Top of Information shown

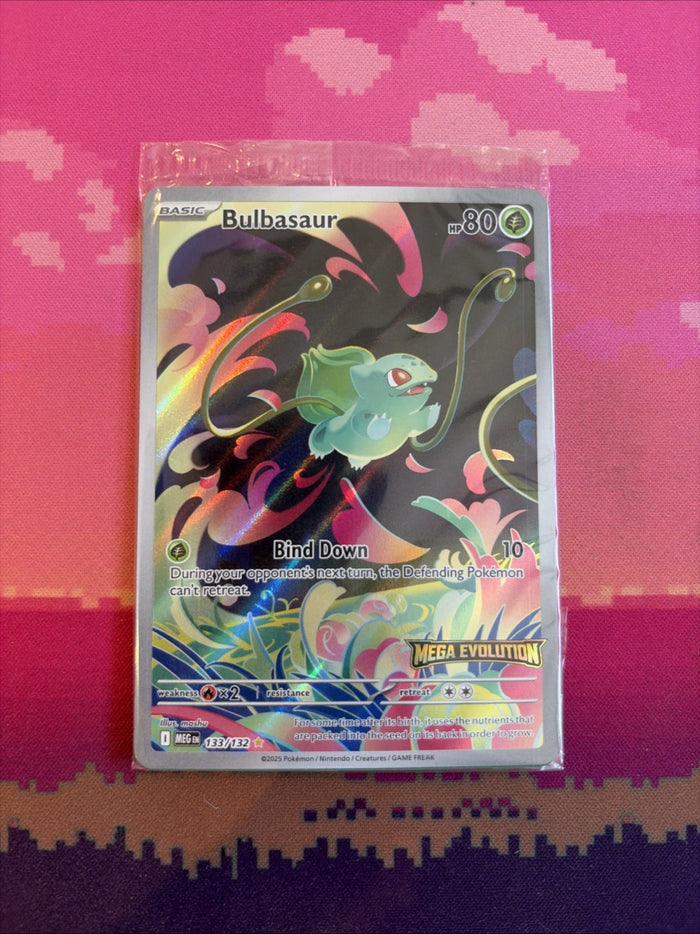 Pokemon Card Bulbasaur Mega Evolution STAMPED Promo 133/132 SEALED Near Mint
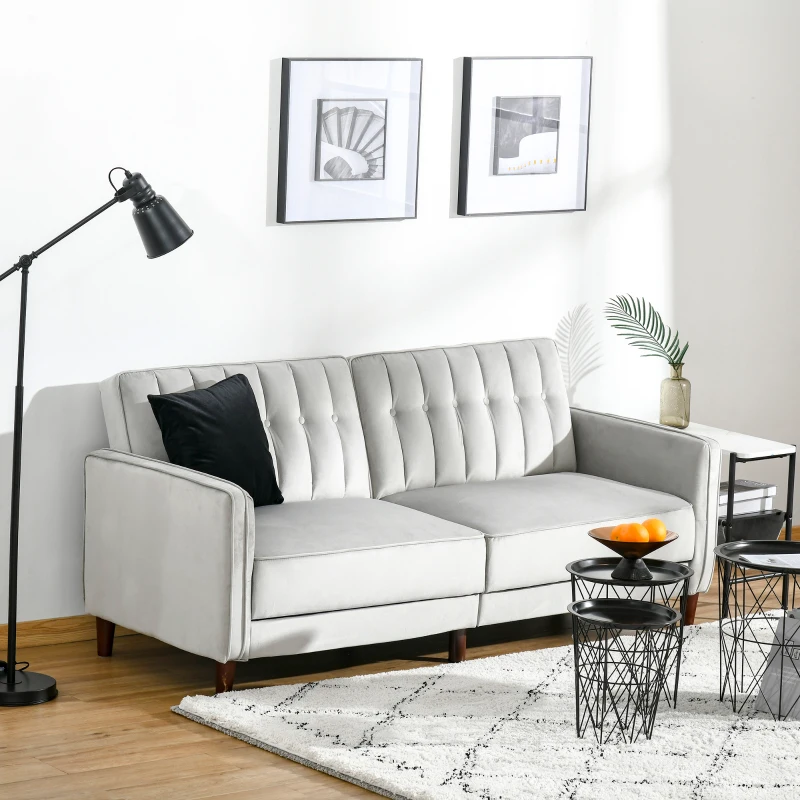 HOMCOM Modern Convertible Sofa Futon Velvet-Touch Tufted Couch Compact Loveseat with Adjustable Split Back, Light Grey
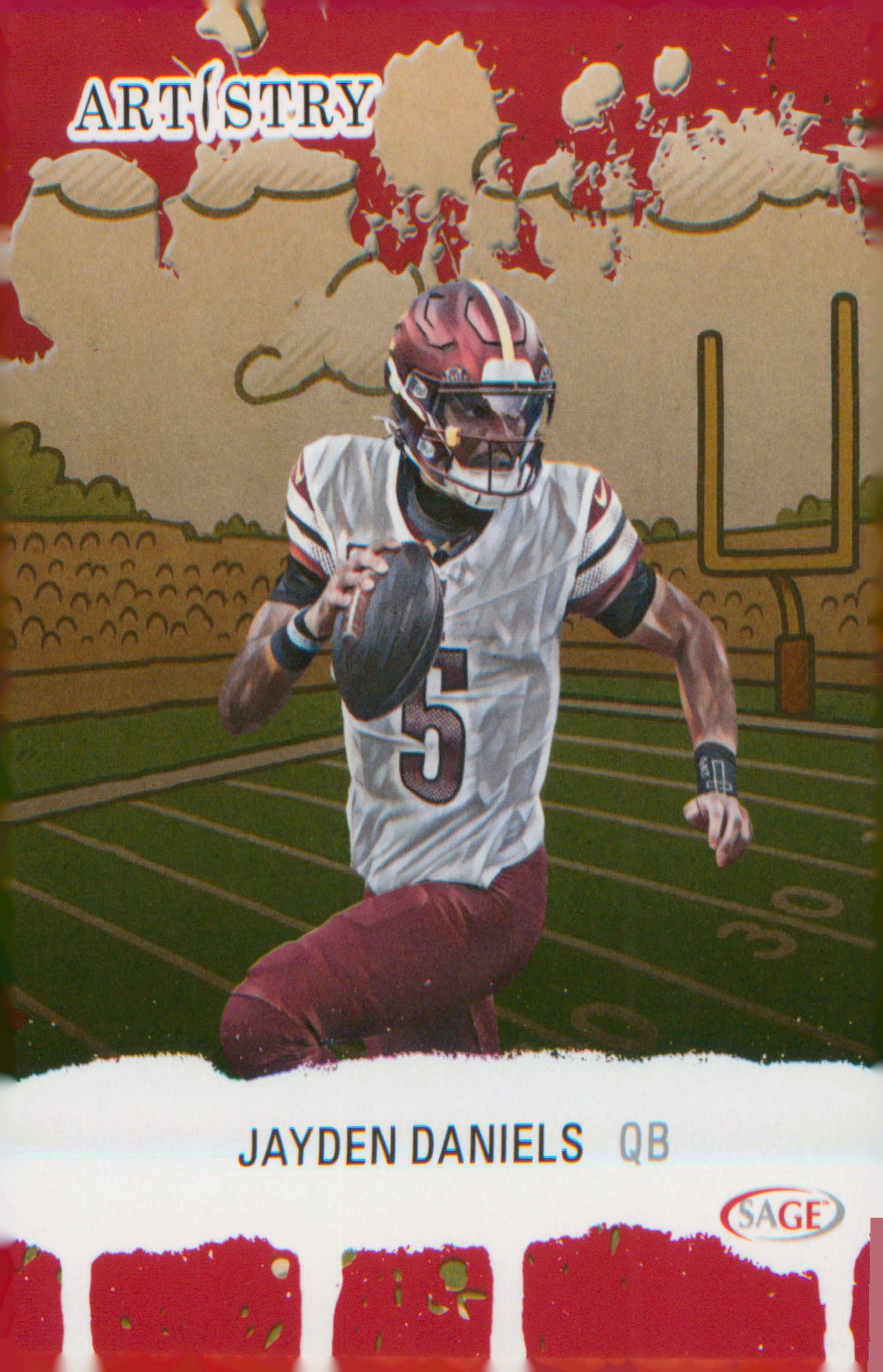 Football 2025 SAGE Artistry Red #5 Jayden Daniels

Bottom of Information shown

Work task: Please copy the lines above, starting at the one that holds "HOMCOM Modern Convertible" and stopping after the last line, exactly as they appear and minus the pictures.

Exercise solution:
 HOMCOM Modern Convertible Sofa Futon Velvet-Touch Tufted Couch Compact Loveseat with Adjustable Split Back, Light Grey
 Football 2025 SAGE Artistry Red #5 Jayden Daniels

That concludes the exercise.